Highest 2 Lowest
High to Low is a cinematic masterpiece, a cornerstone of black and white crime thrillers by legendary director Akira Kurosawa. Can it be successfully adapted 62 years later? We’re about to find out as Denzel Washington and Spike Lee are reuniting for their 5th film Highest 2 Lowest.
The film centers around Denzel’s character David King, a music mogul who’s recently borrowed an incredible amount of money to buy back his company. At the moment he comes into the money he gets a ransom call for his son. But there’s a moral dilemma when there’s a twist on who’s actually been taken hostage, and what choice he should make, and what he’s able to do in that situation.
“In the original, he was an executive shoemaker, but I thought we had to change that, respectfully,” Lee says. “But the same way that audiences for decades have felt Tishiro Mifune’s anguish, they’re going to feel the same thing with Denzel Washington.”

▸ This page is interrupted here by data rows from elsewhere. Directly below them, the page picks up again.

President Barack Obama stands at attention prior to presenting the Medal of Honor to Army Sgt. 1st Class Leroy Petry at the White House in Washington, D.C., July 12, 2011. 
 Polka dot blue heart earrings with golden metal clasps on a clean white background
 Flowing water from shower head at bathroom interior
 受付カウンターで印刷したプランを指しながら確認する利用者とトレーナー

This means instead of a fading CEO of a shoe business Washington is playing an owner of a record label that’s slowly slipping out of his grasp. This gave Spike Lee a perfect excuse to tie in a variety of artists and live performances as well as a 90 piece orchestra for the rest of the films score. For this he tapped composer Howard Drossin who he’s worked with in the past for BlacKkKlansman, Chi-Raq and Inside Man.

Spike Lee has been a student of Kurosawa’s work since he was a uni kid. The film Rashomon inspired Lee to do his own take on examining a single event from multiple perspectives in his 1986 feature debut She’s Gotta Have It.
“I used that premise for She’s Gotta Have It,” Lee says. “Nola Darling has three boyfriends at the same time, and you hear from these three different men giving their viewpoints of Nola. That came from me seeing Rashomon in NYU graduate film school.” To this day, he adds, one of his prized possessions remains a portrait Kurosawa gifted to him, signed in white paint.
The script for Highest 2 Lowest written by up-and-coming writer Alan Fox (Safe Space) was sent to Lee by Washington, who knew that the New York setting could only be captured properly by Spike Lee. “He is New York City,” says Washington. “He sees it in a way that I don’t even necessarily see it, and I was born and raised here. He’s one of a handful of visionary filmmakers that are unafraid, bold, brilliant. That was the easiest decision I made with this whole project, asking him to get involved.”
Says Lee: “I’ve been very fortunate in my film career. More often than not, the blessings that I receive are unannounced. I get a phone call or text or email and it starts. I love Kurosawa. I love High and Low. This was an opportunity to work with Denzel Washington and to shoot here in New York.”
I think it goes without saying that if you’re a film aficionado you should go watch the original if you haven’t yet.